═══ Given information ═══

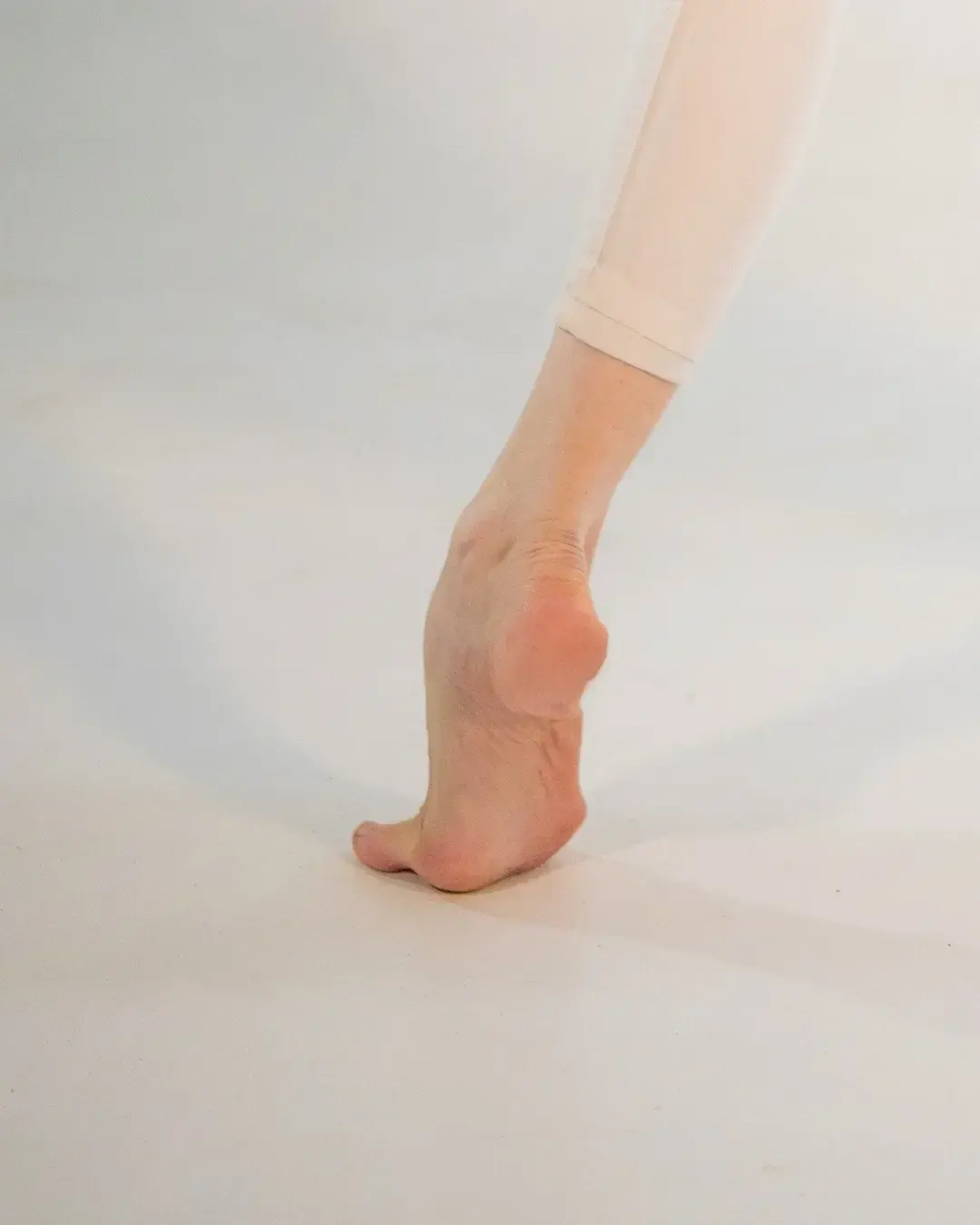 Leak & nude 1 — Danseuse_
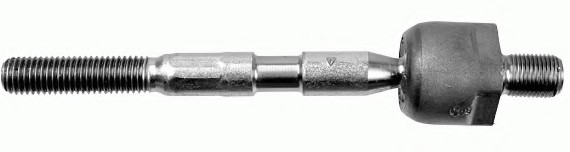 Рульова тяга 3073501 LEMFORDER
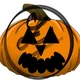 Halloween - dýně 7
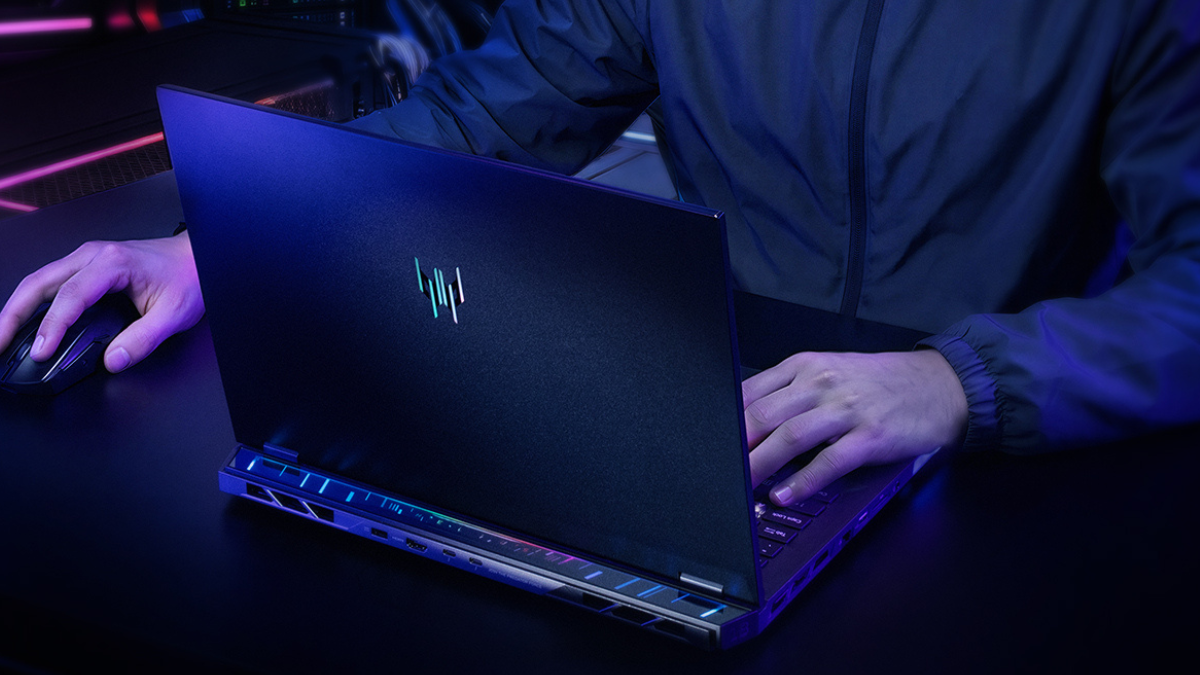 Acer Predator Helios 18 AI (2026) Launched With Intel Core Ultra 9 CPU, Up to Nvidia GeForce RTX 5090 GPU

═══

## What this task involves:
Set down again, exactly, the lines from the one with "Halloween - dýně 7" to the last line of the data, both included and pictures excluded.

## Final answer:
 Halloween - dýně 7
 Acer Predator Helios 18 AI (2026) Launched With Intel Core Ultra 9 CPU, Up to Nvidia GeForce RTX 5090 GPU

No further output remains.